Voilà la partie la plus difficile pour moi qui commence. Nous sommes encore dans le brouillard et sous la neige.

A l'amorce de la descente je rate une espèce d'énorme marche en pierre et mon talon heurte violemment le sol. L'onde de choc me remonte dans tout le corps et je ressens une douleur intense à l'accroche du psoas dans le bas du dos. Ce muscle me posait problème depuis longtemps et je me doutais bien qu'à un moment ou un autre de la course il se rappellerait à mon souvenir! Pas de mystère: quand on s'engage dans ce type de course avec une petite douleur au départ, cela se paye forcément !

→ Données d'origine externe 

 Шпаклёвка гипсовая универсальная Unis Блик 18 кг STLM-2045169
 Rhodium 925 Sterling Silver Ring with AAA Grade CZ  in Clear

Je continue, mais j'ai du mal à chaque levée de genou. La douleur va rester intense jusqu'aux Contamines, puis elle se fera plus sourde... présente, mais moins vive...


Nous arrivons en outre dans un passage très technique qui n'est vraiment pas ma tasse de thé...de gros blocs rocheux soit acérés, soit au contraire ultra polis...le tout rendu bien glissant par la pluie et la neige fondue....

J'avance prudemment et maladroitement dans ce terrain piégeux...comme d'habitude je suis gêné dès que je ne peux plus allonger la foulée un minimum...et là, je ne peux vraiment avoir aucune amplitude, du fait de la combinaison de la douleur au psoas et des chausse trappes du terrain.


Sur une suite de grosses pierres trempées en escalier, je vois le concurrent espagnol me précédant poser le talon sur une grosse dalle bombée, déraper et partir en glissade un peu plus bas, à plat dos !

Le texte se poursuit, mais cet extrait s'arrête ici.